What is required:
After locating the line with "Vasos magnéticos de" below, output it and each following line exactly, stopping after the line with "Navy Lace Dress". No pictures.

::: Material to process :::

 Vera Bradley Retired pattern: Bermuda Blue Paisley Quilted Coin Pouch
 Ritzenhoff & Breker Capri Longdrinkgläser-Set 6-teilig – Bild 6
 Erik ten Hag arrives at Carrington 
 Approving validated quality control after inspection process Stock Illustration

:::
::: Material to process :::

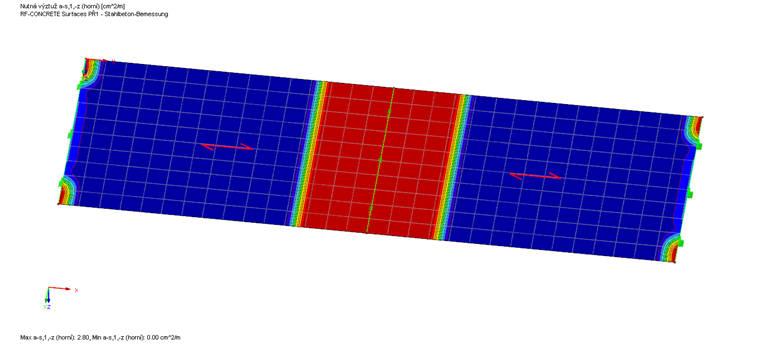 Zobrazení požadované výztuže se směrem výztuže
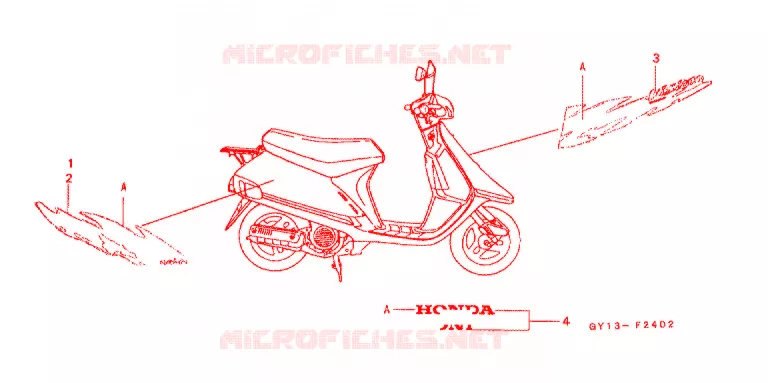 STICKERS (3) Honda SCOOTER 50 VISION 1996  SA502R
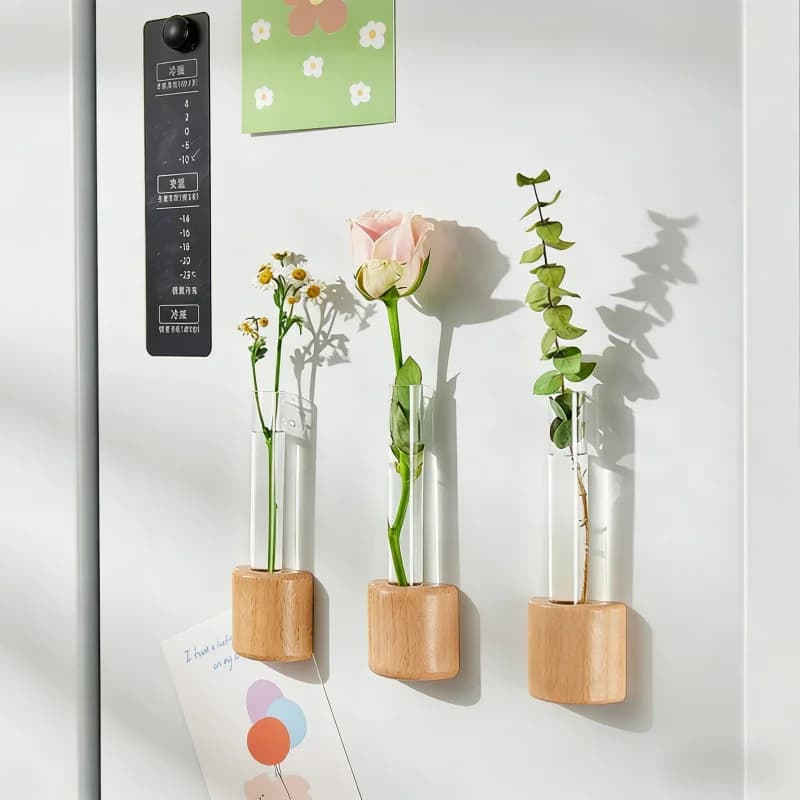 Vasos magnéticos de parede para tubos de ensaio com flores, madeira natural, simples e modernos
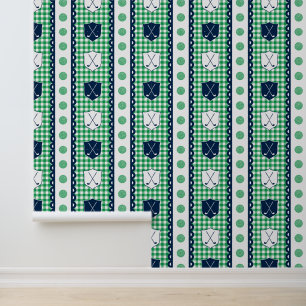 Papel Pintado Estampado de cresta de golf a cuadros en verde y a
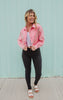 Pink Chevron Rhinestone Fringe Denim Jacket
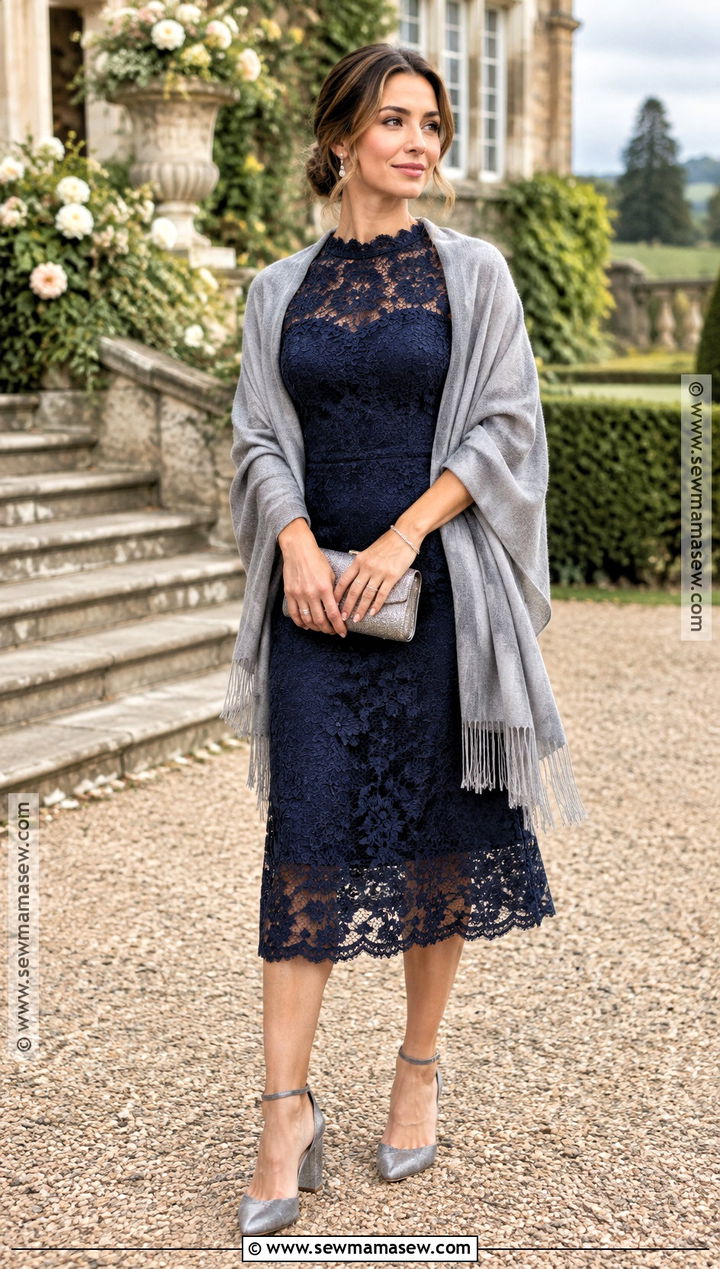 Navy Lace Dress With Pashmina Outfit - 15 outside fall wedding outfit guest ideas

:::

Finished exercise:
 Vasos magnéticos de parede para tubos de ensaio com flores, madeira natural, simples e modernos
 Papel Pintado Estampado de cresta de golf a cuadros en verde y a
 Pink Chevron Rhinestone Fringe Denim Jacket
 Navy Lace Dress With Pashmina Outfit - 15 outside fall wedding outfit guest ideas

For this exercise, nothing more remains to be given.